-- SOURCE INFORMATION follows --

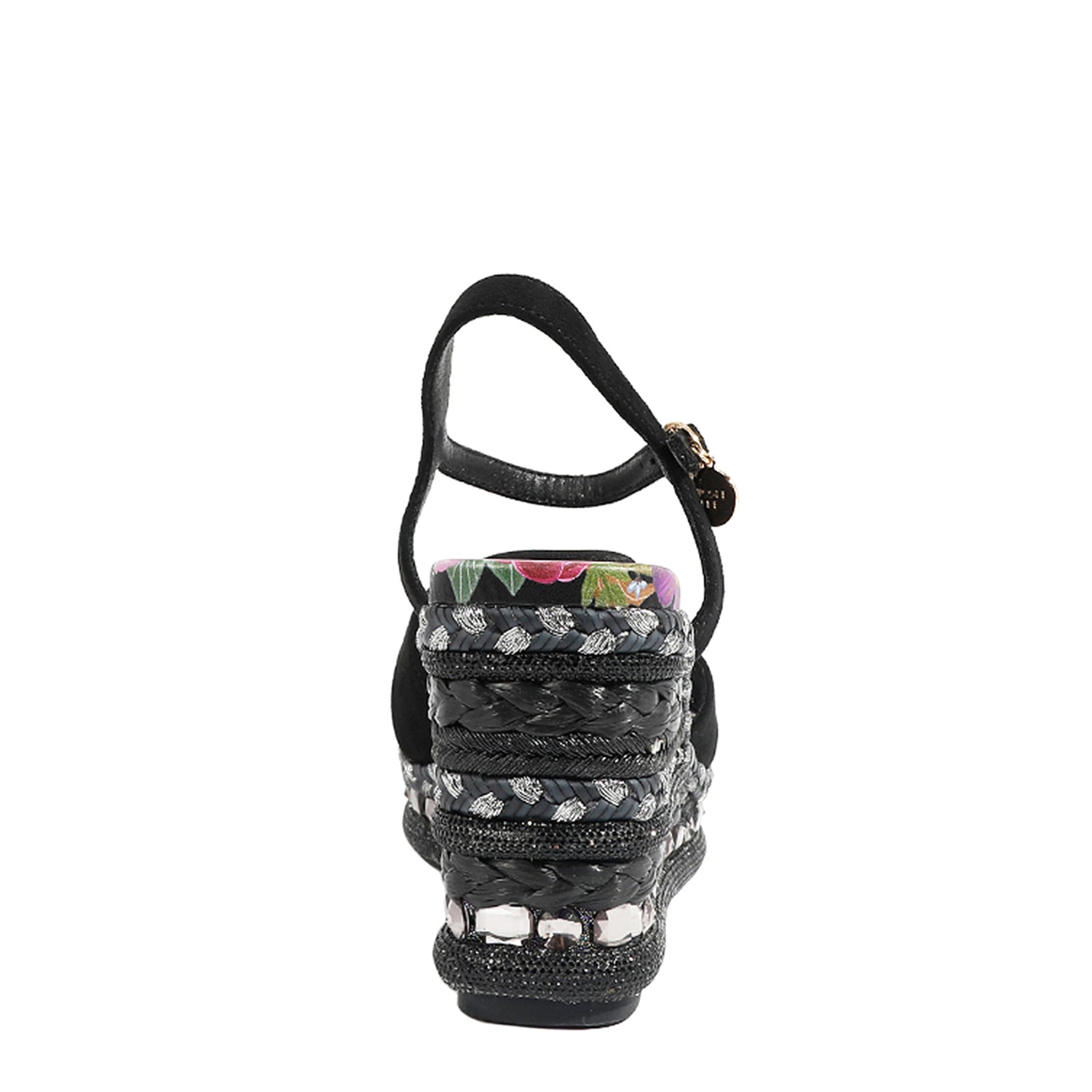 THE BACK OF BONNIE ESPADRILLE WEDGE SANDAL. FEATURING THE STUNNING MIX OF TEXTURES.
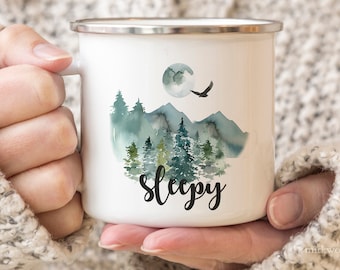 Sleepy Forest Mug, Watercolor Camping Coffee Mug, Best Friend Wanderlust Nature Lover Gift, Full Moon Metal Hiker Gift Mug
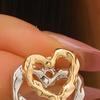 1 Pair Women Earrings Double-Layer Design Heart Irregular Shape Stud Earrings Scratch-Resistant Two-tone Earrings Jewelry Gift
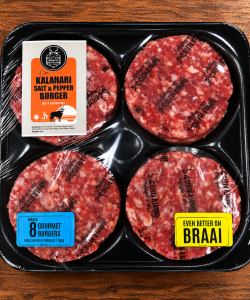 Burger Patties - 8 x 100g Kalahari Salt & Pepper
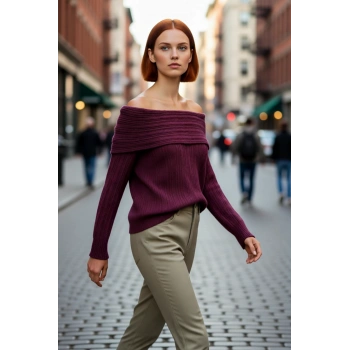 Kadın Carmen Yaka Triko Kazak Orta Kalınlıkta Regular Kalıbı İle Kış Gündüz Gece Rahatlığı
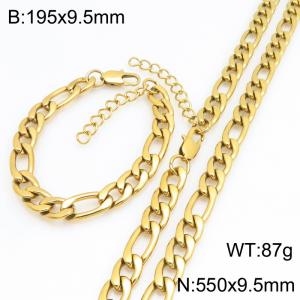 Stainless steel NK chain bracelet necklace set suitable for daily jewelry wear - KS232027-KGM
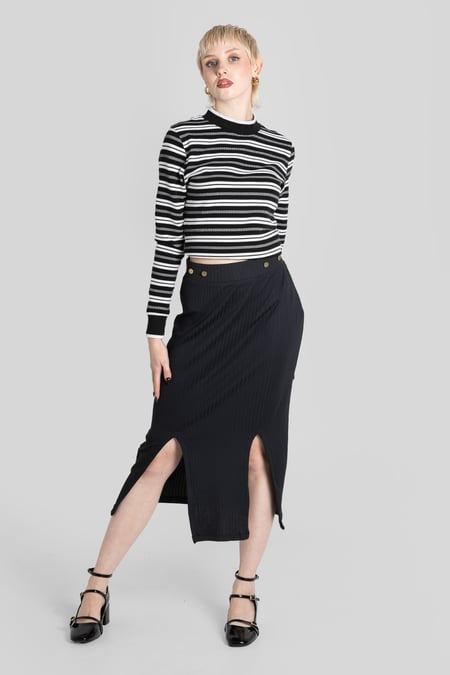 Black Striped Ribbed Long Sleeve High Neck Jersey Top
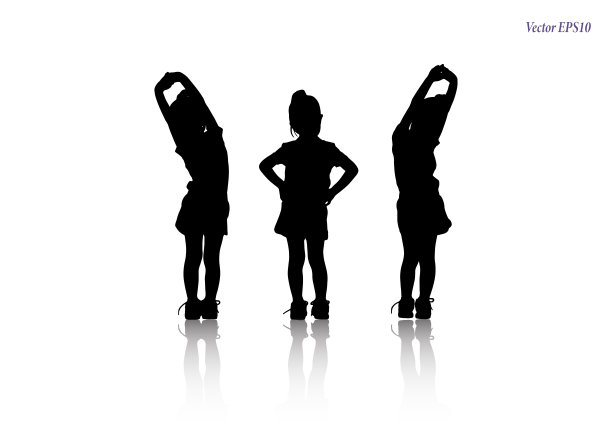 亚洲儿童伸展运动。孤立在白色背景上。图片下载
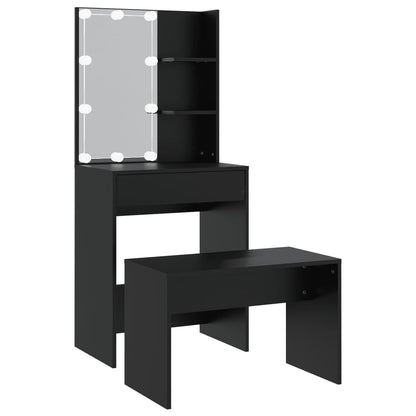 Juego De Tocador Con Led Madera Contrachapada Negro_1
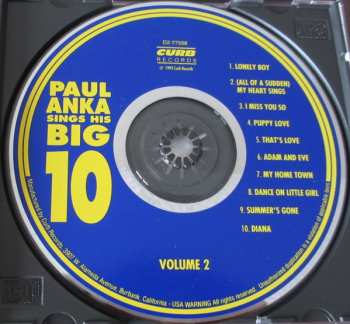 CD Paul Anka: Paul Anka Sings His Big 10 - Volume 2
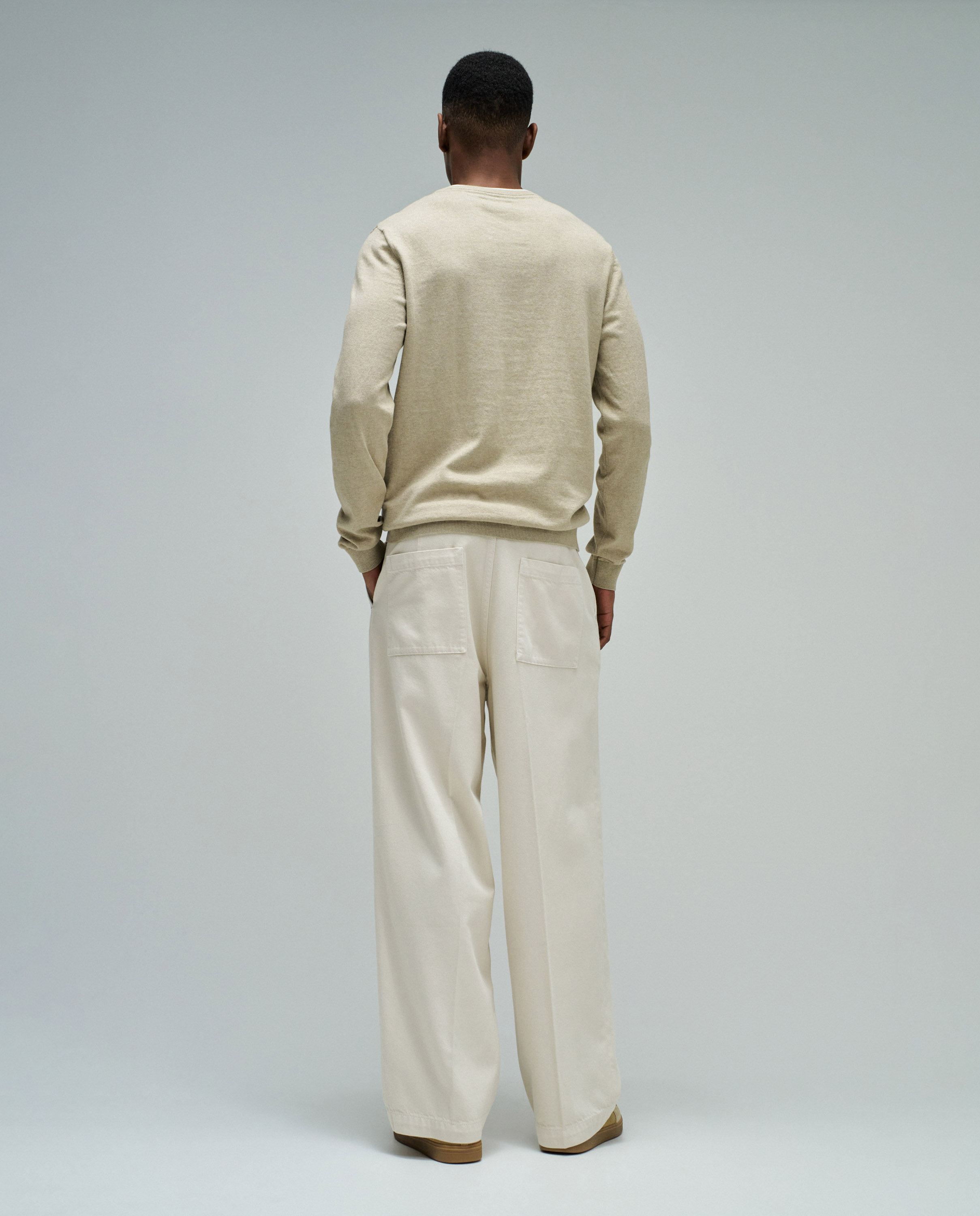 T-shirt de Manga Comprida Bege-3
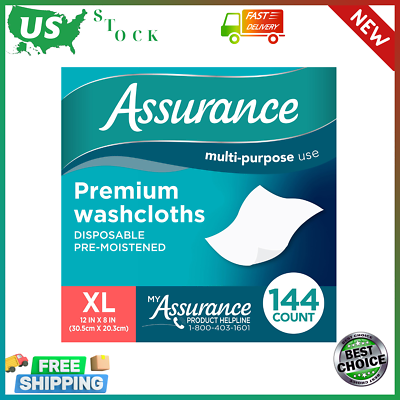Assurance Premium Disposable Washcloths Generously Sized White XL 144 Count $11.24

-- SOURCE INFORMATION concluded --

THE PROBLEM - Give back exactly the lines from the line with "Black Striped Ribbed" through the end of the records, both included; keep all pictures out.

YOUR SOLUTION -
 Black Striped Ribbed Long Sleeve High Neck Jersey Top
 亚洲儿童伸展运动。孤立在白色背景上。图片下载
 Juego De Tocador Con Led Madera Contrachapada Negro_1
 CD Paul Anka: Paul Anka Sings His Big 10 - Volume 2
 T-shirt de Manga Comprida Bege-3
Assurance Premium Disposable Washcloths Generously Sized White XL 144 Count $11.24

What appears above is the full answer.